Today, Erdogan has excellent relations with Syrian strongman Bashar
Assad, whom the Prime Minister affectionately calls his "brother".
He has accused Israel of "savagery" in Gaza and opened a diplomatic
line to Hamas while maintaining good ties with the genocidal government
of Sudan.
He was among the first foreign leaders to congratulate Mahmoud
Ahmadinejad on his fraudulent victory in last year's election. He
has resisted intense pressure from the Obama administration to vote
for a new round of Security Council sanctions on Iran, with which
Turkey has a $US10 billion ($11bn) trade relationship. And he has
sabotaged efforts by his own foreign ministry to improve ties with
neighbouring Armenia.
The changes in foreign policy reflect the rolling revolution in
Turkey's domestic political arrangements. The military, long the pillar
of Turkish secularism, is under assault by Erdogan's Islamist-oriented
government, which has recently arrested dozens of officers on suspicion
of plotting a coup. Last week the Turkish parliament voted to put a
referendum to the public that would, if passed, allow the government
to pack the country's top courts, another secularist pillar, with
its own people. Also under assault is the media group Dogan, which
last year was slapped with a multi-billion-dollar tax fine.
Oh, and America's favourability rating among Turks, at around 14 per
cent according to recent polls, is plumbing an all-time low, despite
Barack Obama's presidency and his unprecedented outreach to Muslims
in general and Turks in particular. In 2004, the year of Abu Ghraib,
it was 30 per cent.
All this would seem to more than justify Professor Lewis's alarm. So
why do so many Turks, including more than a few secularists and
classical liberals, seem mostly at ease with the changes Erdogan has
wrought? A possible answer may be self-delusion: liberals were also at
the forefront of the Iranian revolution before being brutally swept
aside by the Ayatollah Khomeini. But that isn't quite convincing in
Turkey's case.
More plausible is Turkey's economic transformation under the AKP's
pro-free market stewardship. Inflation, which ran to 99 per cent in
1997, is down to single digits. Goldman Sachs anticipates 7 cent growth
this year, which would make the country Europe's strongest performer --
if only Europe would have it as a member. Turks now look on the EU with
diminished envy and growing contempt. Chief among the beneficiaries
of this transformation has been the AKP's political base: an Islamic
bourgeoisie that was long shut out of the old statist arrangements
between the secular political and business elites.
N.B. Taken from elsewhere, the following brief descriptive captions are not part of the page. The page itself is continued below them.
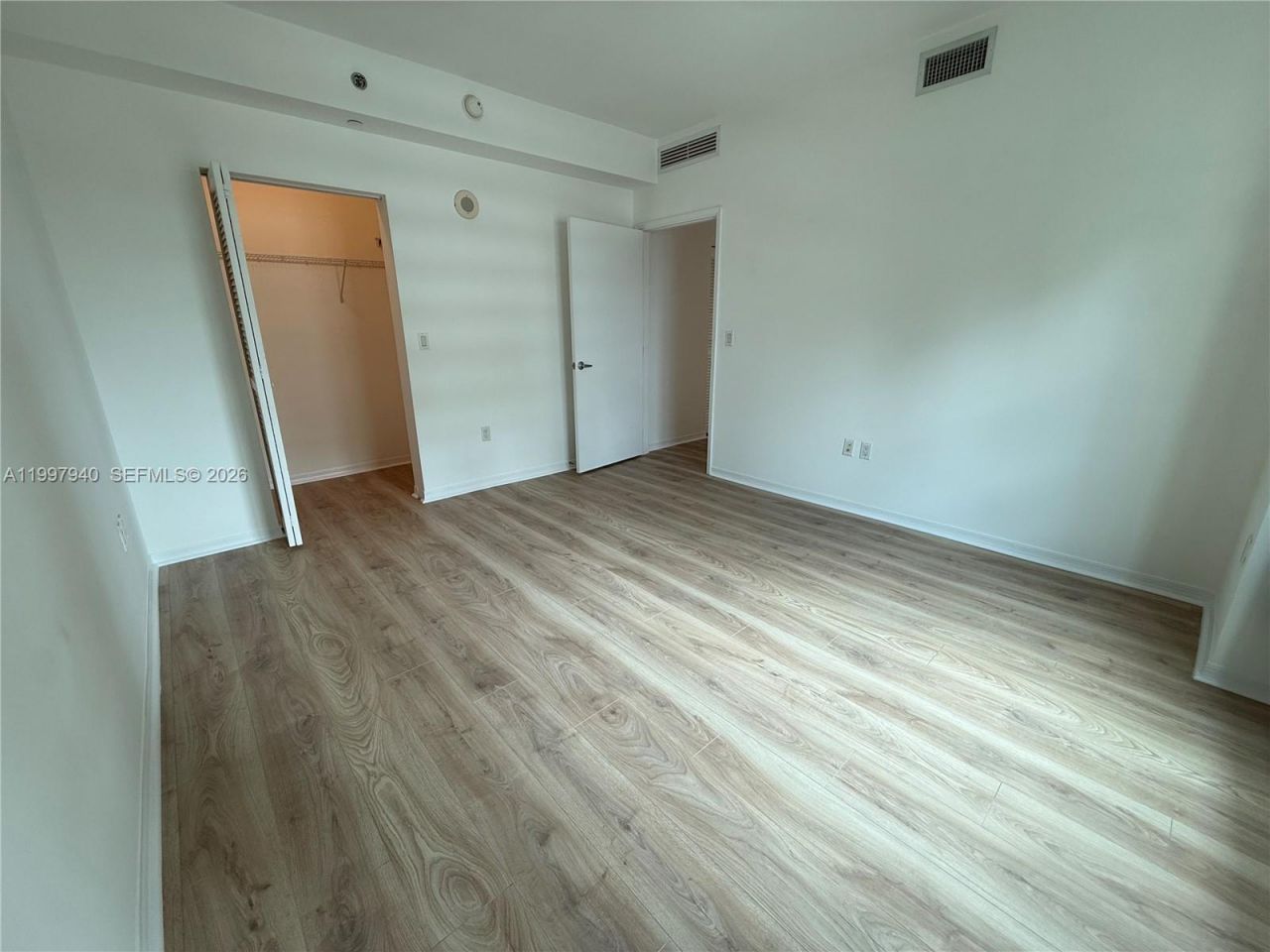 951 Brickell Ave , Unit 1103, Miami, FL 33131 Photo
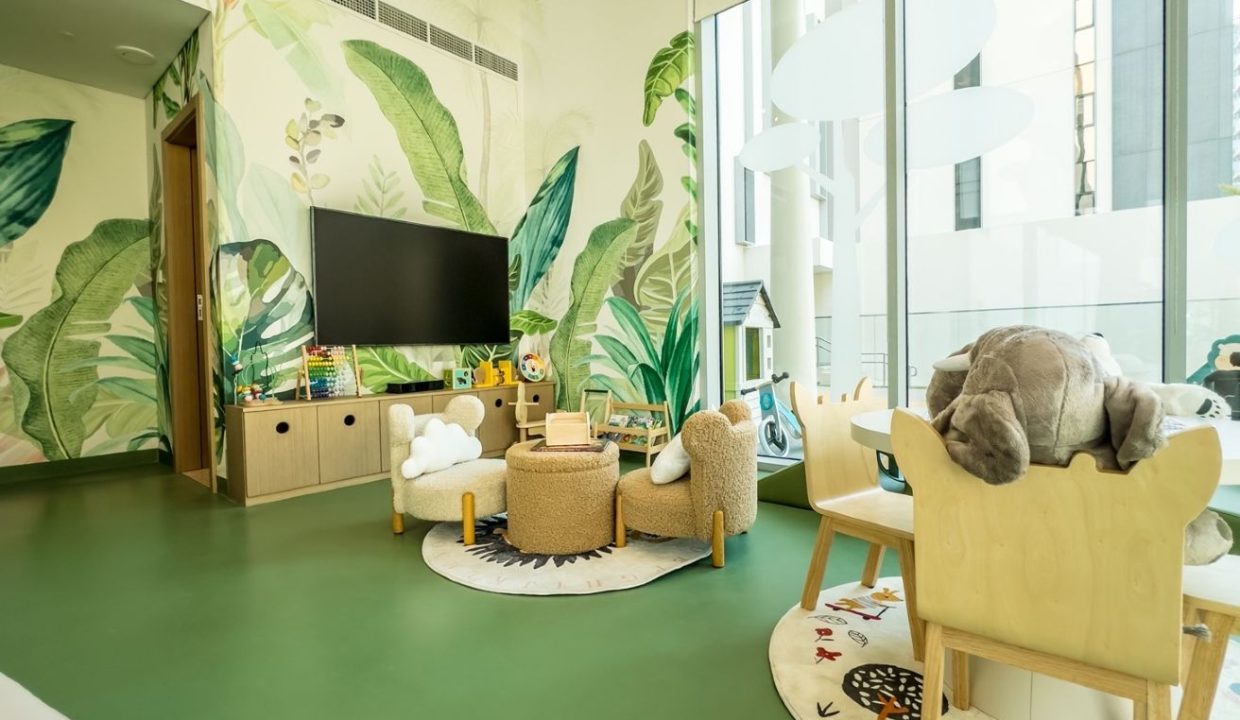 Stylish 1-Bedroom Apartment | Ellington House-29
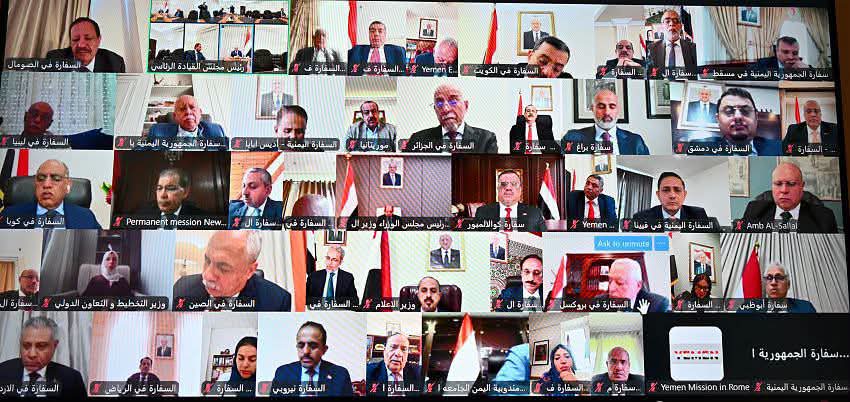 رئيس مجلس القيادة يؤكد: لا رحلات خارج سلطة الدولة والحوثيون مطالبون بقبول المبادرات الإنسانية - رئيس مجلس القيادة يؤكد: لا رحلات خارج سلطة الدولة والحوثيون مطالبون بقبول المبادرات الإنسانية -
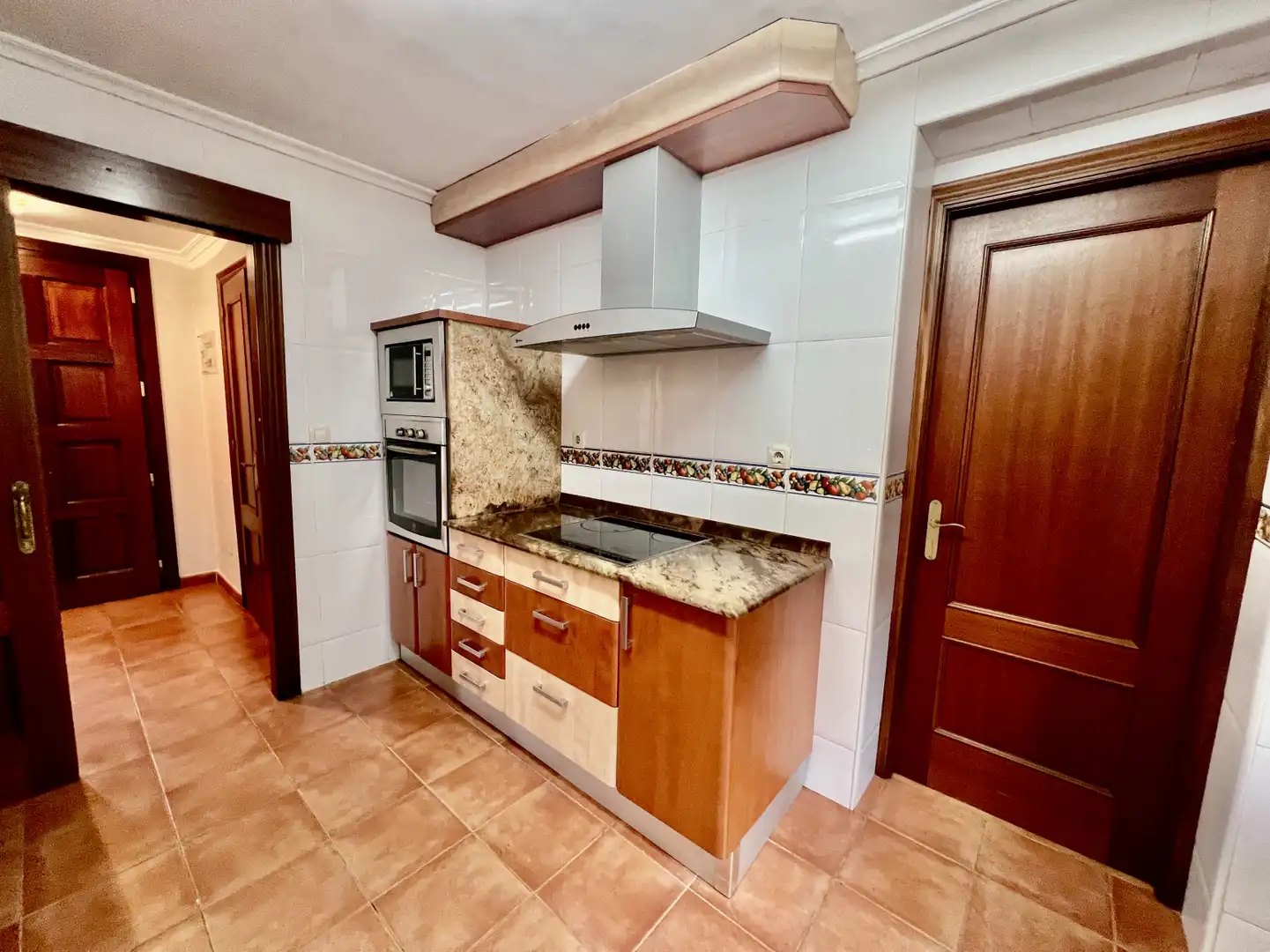 Doppelhaushälfte mit Garten zur Miete in Entrambasaguas - BARRIO ELECHINO, imagen 12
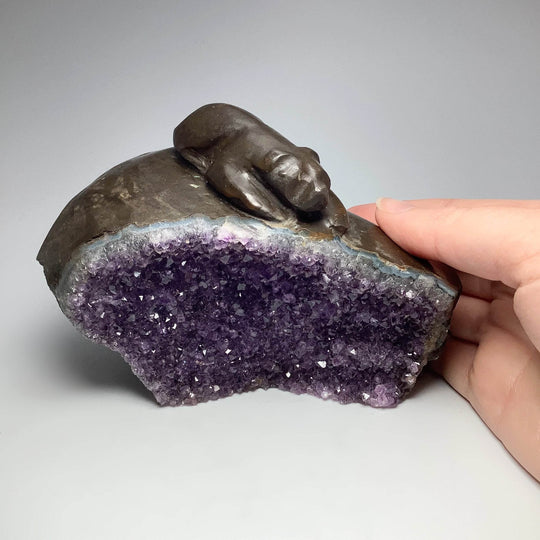 Amethyst Bear Carving - Rocks and Gems Canada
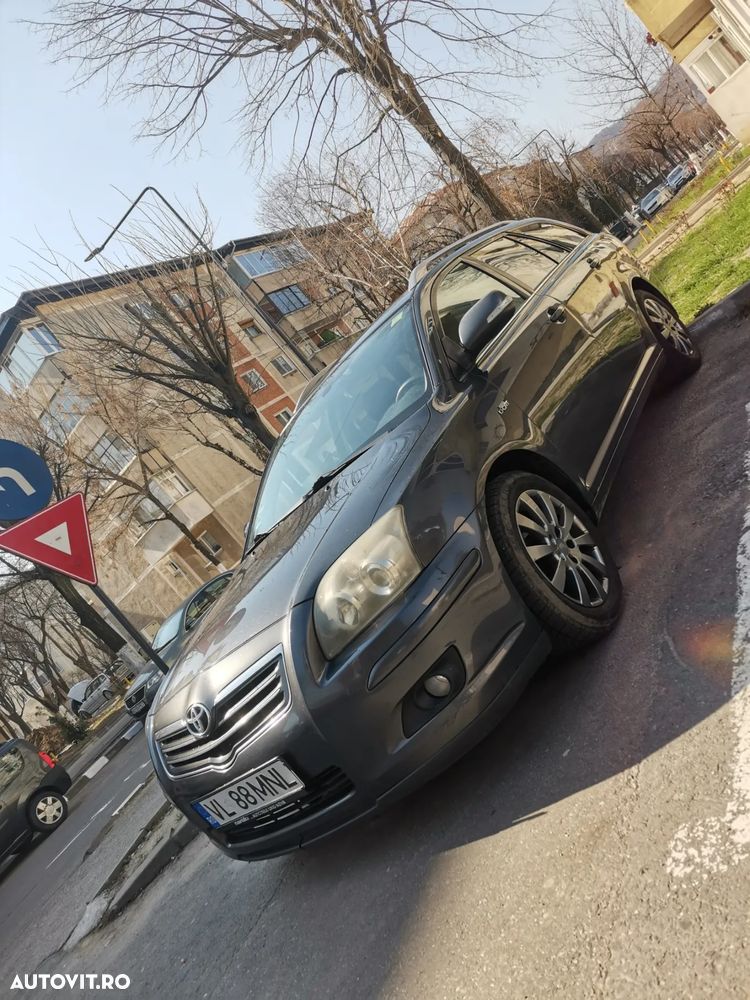 Toyota Avensis 2.2 D-CAT Combi Travel - 10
Members of this new class want to send their daughters to universities
-- and insist they be allowed to do so wearing headscarves. They
also insist that they be ruled by the government they elected, not
by unelected and often self-dealing officers, judges and bureaucrats
who defended the country's secularism at the expense of its democracy
and prosperity.
The paradoxical result is that, as the country has become wealthier
and (in some respects) more democratic, it has also shed some of
its Western trappings. Erdogan's infatuations with his unsavoury
neighbours reflects a public sentiment that no longer wants Turkey
to be a stranger in its own region, particularly when it so easily
can be its leader. Some Turks call this "neo-Ottomanism", others
"Turkish-Gaullism". Whichever way, it is bound to discomfit the West.
The more serious question is how far it all will go. Some of Erdogan's
domestic powerplays smack of incipient Putinism. The estrangement
from Israel is far from complete, but an Israeli attack on Iran might
just do the trick. And it's hard to see why Erdogan should buck public
opinion when it comes to Turkey's alliance with the US.
Most importantly, will the Erdogan brand of Islamism remain relatively
modest in its social and political ambitions, or will it become
aggressive and radical? . It would be insane not to worry about
the possibility.
The Australian
May 14, 2010 Friday
1 - All-round Country Edition
The secular military is under attack and the foreign policy has
dramatically shifted
LAST week I asked Bernard Lewis where he thought Turkey might be
going. The dean of Middle East historians speculated that in a
decade the secular republic founded by Mustafa Kemal Ataturk might
more closely resemble the Islamic Republic of Iran -- even as Iran
transformed itself into a secular republic.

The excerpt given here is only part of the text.